→ **Task objective**
Filter the entries below, keeping only lines with "from".

====

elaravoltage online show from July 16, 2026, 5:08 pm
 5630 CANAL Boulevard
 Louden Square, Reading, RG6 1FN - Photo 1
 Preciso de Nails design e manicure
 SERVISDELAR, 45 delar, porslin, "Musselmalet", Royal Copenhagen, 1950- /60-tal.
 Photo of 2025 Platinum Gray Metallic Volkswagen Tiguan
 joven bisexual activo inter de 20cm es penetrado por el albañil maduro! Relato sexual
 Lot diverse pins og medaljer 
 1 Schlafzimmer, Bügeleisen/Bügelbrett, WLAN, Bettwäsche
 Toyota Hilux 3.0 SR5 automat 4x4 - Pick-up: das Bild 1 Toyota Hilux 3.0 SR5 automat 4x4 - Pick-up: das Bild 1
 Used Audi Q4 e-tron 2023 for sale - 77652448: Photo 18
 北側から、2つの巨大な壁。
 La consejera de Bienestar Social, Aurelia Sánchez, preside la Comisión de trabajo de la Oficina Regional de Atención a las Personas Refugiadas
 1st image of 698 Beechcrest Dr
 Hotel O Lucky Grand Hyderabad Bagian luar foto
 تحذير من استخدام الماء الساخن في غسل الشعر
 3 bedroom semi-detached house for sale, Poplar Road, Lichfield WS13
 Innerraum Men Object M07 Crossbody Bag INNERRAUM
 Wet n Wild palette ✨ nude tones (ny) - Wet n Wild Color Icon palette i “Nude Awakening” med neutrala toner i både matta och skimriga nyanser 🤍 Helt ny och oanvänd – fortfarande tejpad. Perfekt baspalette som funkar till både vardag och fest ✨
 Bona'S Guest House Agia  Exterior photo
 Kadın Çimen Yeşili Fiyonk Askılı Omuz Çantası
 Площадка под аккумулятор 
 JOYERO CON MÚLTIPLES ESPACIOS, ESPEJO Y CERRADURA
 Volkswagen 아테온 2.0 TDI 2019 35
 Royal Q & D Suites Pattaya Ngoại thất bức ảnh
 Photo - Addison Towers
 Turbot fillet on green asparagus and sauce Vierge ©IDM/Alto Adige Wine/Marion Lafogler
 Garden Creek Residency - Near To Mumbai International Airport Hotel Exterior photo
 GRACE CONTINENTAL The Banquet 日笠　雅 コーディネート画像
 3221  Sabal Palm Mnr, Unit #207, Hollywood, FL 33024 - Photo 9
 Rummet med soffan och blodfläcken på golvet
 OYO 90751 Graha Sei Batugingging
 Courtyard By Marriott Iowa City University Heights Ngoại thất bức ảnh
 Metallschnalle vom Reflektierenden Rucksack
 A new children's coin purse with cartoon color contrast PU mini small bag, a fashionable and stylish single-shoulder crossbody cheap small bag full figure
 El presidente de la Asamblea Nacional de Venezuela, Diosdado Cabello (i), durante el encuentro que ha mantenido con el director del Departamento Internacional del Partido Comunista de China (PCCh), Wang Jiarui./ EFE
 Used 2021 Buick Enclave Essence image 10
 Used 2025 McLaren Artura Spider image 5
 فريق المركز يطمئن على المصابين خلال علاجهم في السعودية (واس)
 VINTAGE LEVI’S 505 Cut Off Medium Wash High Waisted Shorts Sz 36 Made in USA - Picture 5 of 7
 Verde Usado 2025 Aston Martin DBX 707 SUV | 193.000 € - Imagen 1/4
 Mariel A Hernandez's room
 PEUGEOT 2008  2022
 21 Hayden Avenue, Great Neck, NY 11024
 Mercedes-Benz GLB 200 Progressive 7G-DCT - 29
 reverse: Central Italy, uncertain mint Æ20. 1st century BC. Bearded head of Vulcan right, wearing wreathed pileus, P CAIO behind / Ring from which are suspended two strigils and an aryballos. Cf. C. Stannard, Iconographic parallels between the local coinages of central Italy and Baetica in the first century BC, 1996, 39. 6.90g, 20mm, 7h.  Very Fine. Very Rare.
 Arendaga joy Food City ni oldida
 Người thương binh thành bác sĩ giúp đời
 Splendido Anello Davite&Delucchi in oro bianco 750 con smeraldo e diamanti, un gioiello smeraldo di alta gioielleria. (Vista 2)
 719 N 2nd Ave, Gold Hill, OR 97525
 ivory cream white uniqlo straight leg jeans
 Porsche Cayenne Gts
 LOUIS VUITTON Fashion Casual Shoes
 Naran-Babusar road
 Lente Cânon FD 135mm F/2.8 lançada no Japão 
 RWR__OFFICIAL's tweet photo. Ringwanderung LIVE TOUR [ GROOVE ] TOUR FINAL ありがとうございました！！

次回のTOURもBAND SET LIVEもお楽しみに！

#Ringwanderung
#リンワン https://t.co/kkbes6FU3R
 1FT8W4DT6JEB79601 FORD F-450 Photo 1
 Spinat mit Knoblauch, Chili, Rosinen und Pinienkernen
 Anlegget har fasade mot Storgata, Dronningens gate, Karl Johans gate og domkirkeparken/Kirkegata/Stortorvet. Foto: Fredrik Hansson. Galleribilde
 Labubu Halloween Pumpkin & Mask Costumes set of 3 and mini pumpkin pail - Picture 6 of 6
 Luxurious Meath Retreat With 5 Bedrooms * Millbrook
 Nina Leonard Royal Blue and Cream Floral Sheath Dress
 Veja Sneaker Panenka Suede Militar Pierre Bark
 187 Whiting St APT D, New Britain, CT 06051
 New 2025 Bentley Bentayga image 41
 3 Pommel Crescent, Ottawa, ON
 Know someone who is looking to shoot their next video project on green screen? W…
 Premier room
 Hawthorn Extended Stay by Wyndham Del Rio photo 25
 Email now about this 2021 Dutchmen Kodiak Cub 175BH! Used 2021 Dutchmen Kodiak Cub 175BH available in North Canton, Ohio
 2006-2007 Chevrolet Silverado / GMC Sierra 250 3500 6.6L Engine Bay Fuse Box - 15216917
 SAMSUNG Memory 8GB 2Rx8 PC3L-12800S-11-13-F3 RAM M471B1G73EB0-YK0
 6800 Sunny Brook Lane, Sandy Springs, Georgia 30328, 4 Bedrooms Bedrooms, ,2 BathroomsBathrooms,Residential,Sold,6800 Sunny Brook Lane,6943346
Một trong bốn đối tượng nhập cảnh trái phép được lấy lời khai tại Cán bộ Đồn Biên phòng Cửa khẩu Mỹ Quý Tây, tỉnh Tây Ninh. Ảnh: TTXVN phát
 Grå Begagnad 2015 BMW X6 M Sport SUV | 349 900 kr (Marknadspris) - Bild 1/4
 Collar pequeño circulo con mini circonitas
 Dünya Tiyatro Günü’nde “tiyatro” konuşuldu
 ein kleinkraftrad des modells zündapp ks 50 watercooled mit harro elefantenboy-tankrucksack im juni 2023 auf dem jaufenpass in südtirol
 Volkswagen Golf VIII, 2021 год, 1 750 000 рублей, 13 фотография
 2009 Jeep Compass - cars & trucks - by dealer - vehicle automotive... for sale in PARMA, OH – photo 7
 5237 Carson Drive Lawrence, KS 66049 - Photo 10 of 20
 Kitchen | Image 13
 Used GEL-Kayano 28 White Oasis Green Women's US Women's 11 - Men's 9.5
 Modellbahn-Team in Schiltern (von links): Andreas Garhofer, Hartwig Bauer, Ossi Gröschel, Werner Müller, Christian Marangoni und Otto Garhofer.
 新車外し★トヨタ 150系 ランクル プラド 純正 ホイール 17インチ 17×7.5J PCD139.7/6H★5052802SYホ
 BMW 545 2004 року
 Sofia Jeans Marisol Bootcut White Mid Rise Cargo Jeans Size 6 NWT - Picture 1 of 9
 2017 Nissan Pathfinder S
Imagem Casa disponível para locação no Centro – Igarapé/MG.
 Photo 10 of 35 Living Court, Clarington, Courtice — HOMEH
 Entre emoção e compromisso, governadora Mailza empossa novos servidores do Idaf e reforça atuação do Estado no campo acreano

====

→ **Your solution**
elaravoltage online show from July 16, 2026, 5:08 pm
 reverse: Central Italy, uncertain mint Æ20. 1st century BC. Bearded head of Vulcan right, wearing wreathed pileus, P CAIO behind / Ring from which are suspended two strigils and an aryballos. Cf. C. Stannard, Iconographic parallels between the local coinages of central Italy and Baetica in the first century BC, 1996, 39. 6.90g, 20mm, 7h.  Very Fine. Very Rare.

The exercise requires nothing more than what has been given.